Présentation de l'éditeur
The Oxford Handbook of Local and Regional Democracy in Europe analyses the state of play of democracy at the subnational level in the 27 member states of the EU plus Norway and Switzerland. It places subnational democracy in the context of the distinctive Anglo, the French, the German, and Scandinavian state traditions in Europe asking to what extent these are still relevant today. The Handbook adapts Lijphart's theory of democracy and applies it to the subnational levels in all the country chapters. A key theoretical issue is whether subnational (regional and local) democracy is derived from national democracy or whether it is legitimate in its own right. Besides these theoretical concerns it focuses on the practice of democracy: the roles of political parties and interest groups and also how subnational political institutions relate to the ordinary citizen. This can take the form of local referendums or other mechanisms of participation. The Handbook reveals a wide variety of practices across Europe in this regard. Local financial systems also reveal a great variety. Finally, each chapter examines the challenges facing subnational democracy but also the opportunities available to them to enhance their democratic systems. Among the challenges identified are: Europeanization, globalization, but also citizens disaffection and switch-off from politics. Some countries have confronted these challenges more successfully than others but all countries face them. An important aspect of the Handbook is the inclusion of all the countries of East and Central Europe plus Cyprus and Malta, who joined the EU in 2004 and 2007. This is the first time they have been examined alongside the countries of Western Europe from the angle of subnational democracy.
Biographie de l'auteur
John Loughlin is author and editor of over twenty books and numerous articles and book chapters on European territorial governance. He is an expert of the Council of Europe's Committee of Independent Experts on Regional and Local Democracy and chaired the Advisory Committee of Experts on Effective Decentralization of UN-Habitat. He has acted as advisor on territorial governance to the European Union, the UK government and other agencies. In 2009 he was invited by the French Senate to contribute to its reflections on reform of French subnational government. He is Professor of European Politics at Cardiff University. He also holds Visiting positions at Oxford, Cambridge, Umeå University, and the Institut d'Etudes Politiques Aix-en-Provence as well as numerous other appointments. Frank Hendriks deals with cross-border comparison of policies and governance systems, including the comparative analysis of democratic and decisionmaking models at the national and the subnational level. He has conducted extensive research, partly commissioned by public bodies, on governance and democracy at the local, regional, national, and European level.

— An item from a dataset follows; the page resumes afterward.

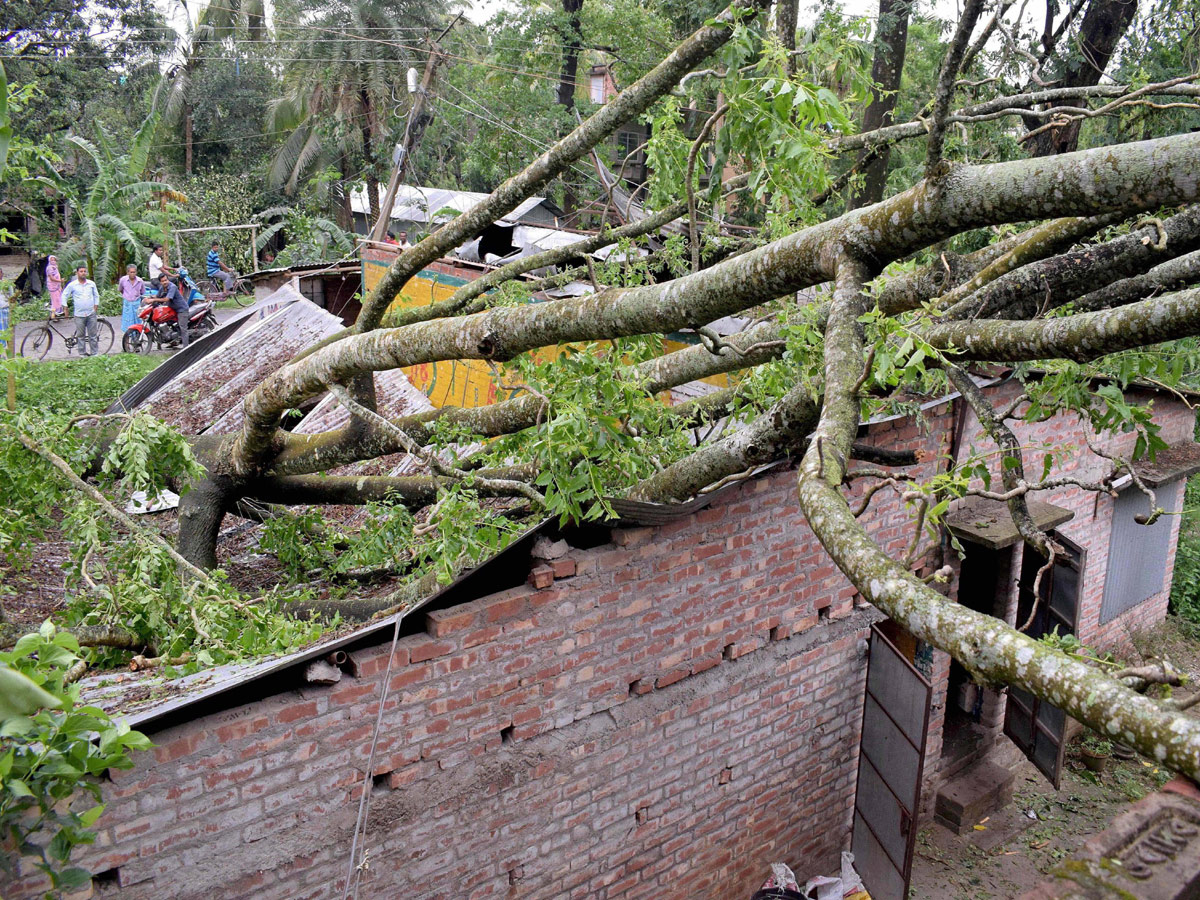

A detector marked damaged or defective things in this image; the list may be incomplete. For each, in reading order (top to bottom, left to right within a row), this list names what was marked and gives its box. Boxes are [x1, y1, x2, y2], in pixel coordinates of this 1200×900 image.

broken roof sheet [350, 184, 561, 226]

He is member of various (international) research networks and editorial boards. He has published in international journals such as Public Administration; Democratization; International Journal of Public Administration; Innovation; Local Government Studies; Administrative Theory and Praxis; GeoJournal; Dutch Crossing; Verwaltungsarchiv; Journal of Crises and Contingencies, International Review of Administrative Sciences. He is Professor of Comparative Governance at Tilburg University, the Netherlands. Anders Lidström's research focuses on local politics and government, comparative politics, and education policy. This includes studies of local democracy and self-government, both within Sweden and in a comparative perspective. Current research includes comparative studies of local government systems, and studies of democracy and political participation in city-regions. He has also carried out research on education policy, with a particular focus on how this is shaped at the local level. He is Professor of Politics, University of Umeå, Sweden.